Profits at Canon are being powered by healthy demand for multi-function network copiers and hot-selling digital cameras, in which it commands about 20 percent of the global market.
Canon had previously targeted 2005 sales of 3.8 trillion yen, but the yen's surge against the dollar, severe price competition in digital camera makers, and falling prices for color laser beam printers (LBP) appear to be concerning the Tokyo-based firm.
The new target for 3.6 trillion yen would still be above the consensus forecast of 3.448 trillion made by 15 analysts polled by Reuters Research.
"There is a possibility that color LBP prices will fall further, but we are prepared to deal with this development," said Canon President and CEO Fujio Mitarai, as quoted by a company spokesman.
Canon said it planned to bolster its lineup of digital cameras, office equipment, and steppers -- key tools for making semiconductors and liquid crystal displays (LCD).

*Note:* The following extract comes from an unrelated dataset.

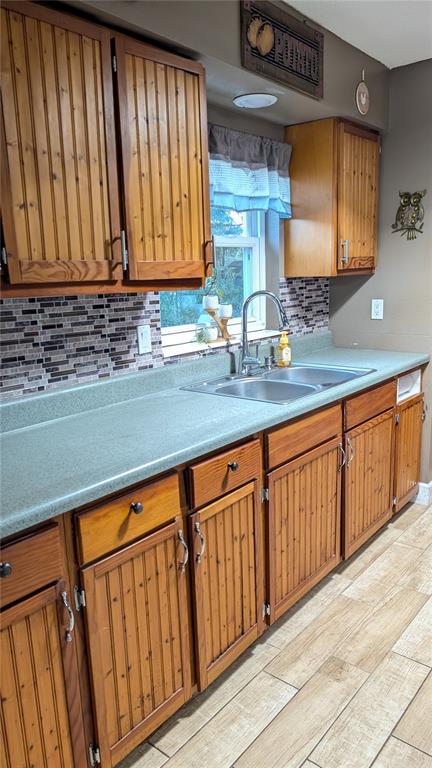 2024 East Keysville Road Lithia, FL 33547 - Photo 12 of 37 a kitchen with stainless steel appliances granite countertop wooden cabinets a sink and dishwasher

It also said it planned to begin mass-production of next-generation displays for thin televisions in 2006. Canon and electronics conglomerate Toshiba Corp have conducted research since 1999 on surface conduction electron emitter display (SED) panels, with an eye to eventually cooperating on production.
SED panels are thinner than existing flat panels, are said to consume less energy and -- unlike liquid crystal display (LCD) panels -- do not require backlighting because they produce their own light.
"We want to shoot for (annual) sales of at least 100 billion yen," from displays, Mr. Mitarai was quoted as saying.
In the slide show release, Canon estimated the market for flat panel TVs more than 28 in would grow to 30 million units in 2007 from 1.3 million units in 2003.